- TASK DATA:
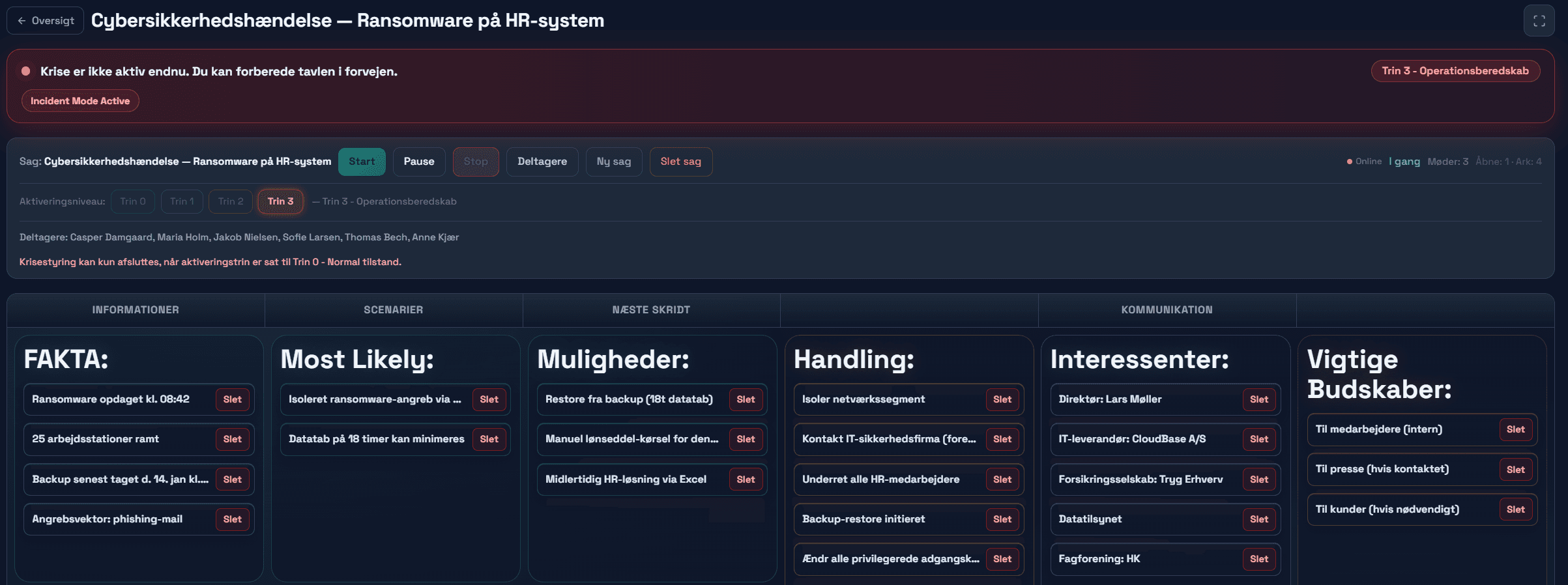 BCMS krisestyringstavle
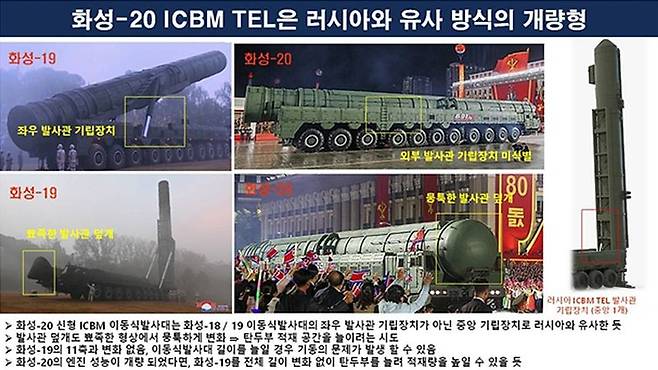 북한 당 창건 80주년 열병식에 등장한 신형 화성-20형 ICBM 이동식발사대(TEL)가 중앙기립장치로 러시아 기술을 모방한 것으로 추정된다. 화성-19형과 비교분석 자료. 유용원 의원실 제공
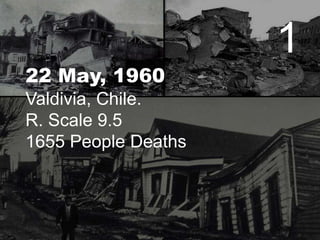 22 May, 1960
Valdivia, Chile.
R. Scale 9.5
1655 People Deaths

1

 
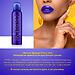 Парфюмированный Спрей для тела Milton-Lloyd Colour Me Indigo для женщин 150ml (5)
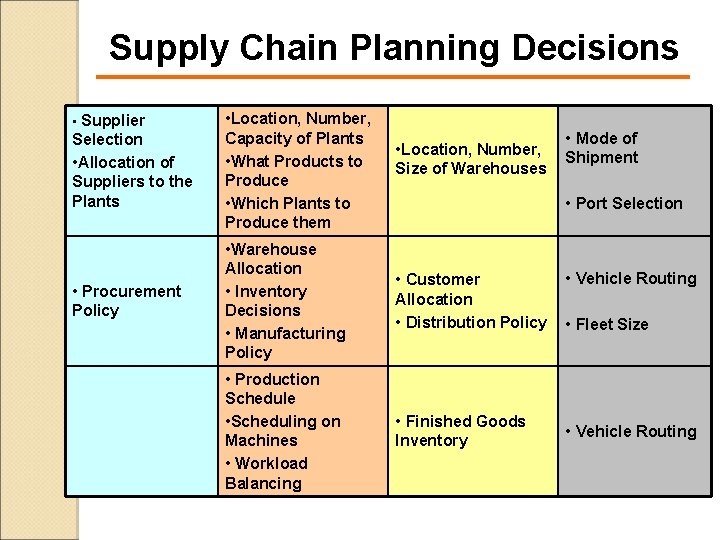 Supply Chain Planning Decisions Selection • Allocation of Suppliers to the Plants • Location,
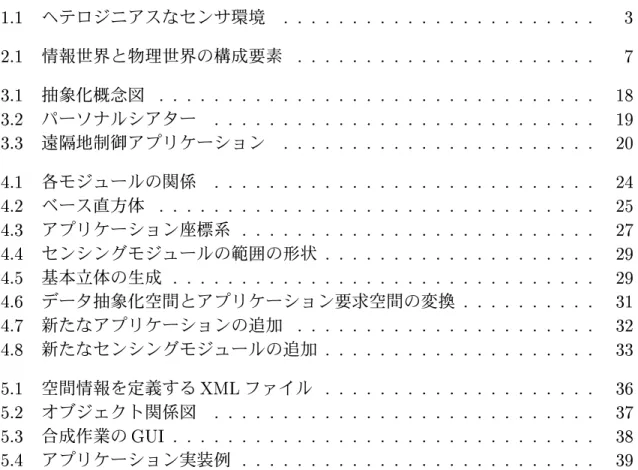図 目 次  n  ヘテロジニアスなセンサ環境 n n'n n'nn n'n'n n'n n'n'n n'nn n'n n'n'n n  n  情報世界と物理世界の構成要素 n'n n'nn n'n'n n'n n'n'n n'nn n'n n'n'n n  Sn  抽象化概念図 n'n nn'n n'n n'n'n n'n n'nn n'n'n n'n n'n'n n'nn n'n n'n'n n   Sn パーソナルシアター n n'n n'n'n n'n n'nn n'n'n n'n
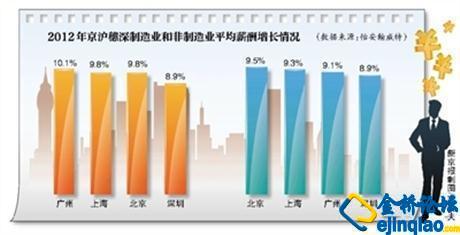 總資產增長率的計算公式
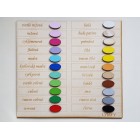 Jméno s obrysem a údaji Theo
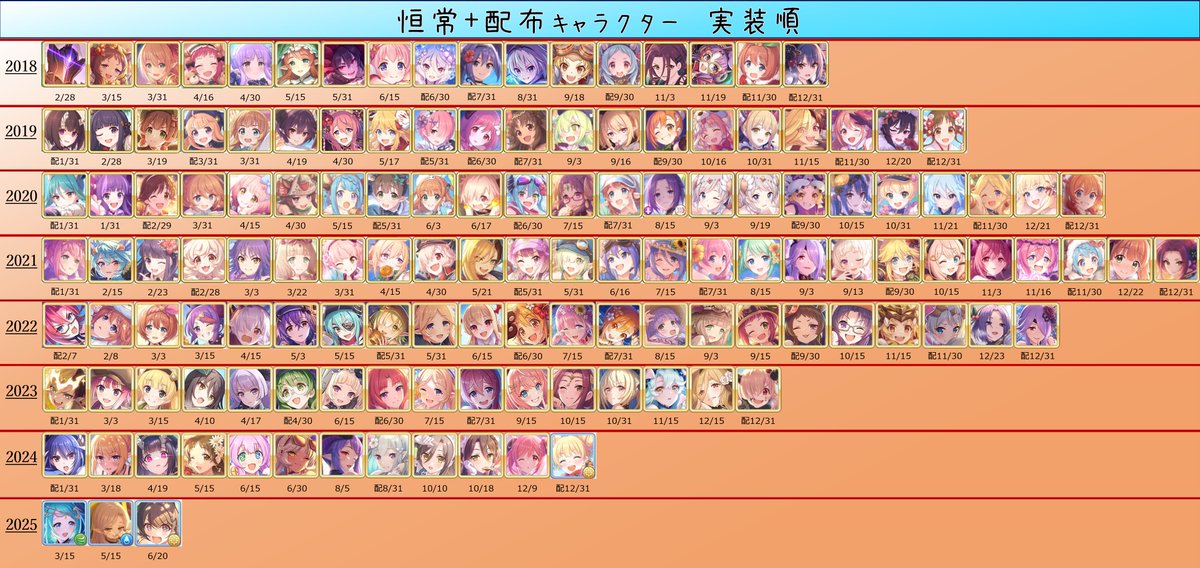 escape_ghost's tweet photo. 【プリコネR】  恒常+配布＆限定+EXキャラクター実装順一覧（〜2025/06/30迄） https://t.co/FRRvOHdQIT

- ASSIGNMENT: Please copy the data above word for word, but only from the line that contains "1655 People Deaths" through the final line, both included, and without the pictures.

- ANSWER TO THIS EXERCISE:
1655 People Deaths

1

 
 Парфюмированный Спрей для тела Milton-Lloyd Colour Me Indigo для женщин 150ml (5)
 Supply Chain Planning Decisions Selection • Allocation of Suppliers to the Plants • Location,
図 目 次  n  ヘテロジニアスなセンサ環境 n n'n n'nn n'n'n n'n n'n'n n'nn n'n n'n'n n  n  情報世界と物理世界の構成要素 n'n n'nn n'n'n n'n n'n'n n'nn n'n n'n'n n  Sn  抽象化概念図 n'n nn'n n'n n'n'n n'n n'nn n'n'n n'n n'n'n n'nn n'n n'n'n n   Sn パーソナルシアター n n'n n'n'n n'n n'nn n'n'n n'n
 總資產增長率的計算公式
 Jméno s obrysem a údaji Theo
 escape_ghost's tweet photo. 【プリコネR】  恒常+配布＆限定+EXキャラクター実装順一覧（〜2025/06/30迄） https://t.co/FRRvOHdQIT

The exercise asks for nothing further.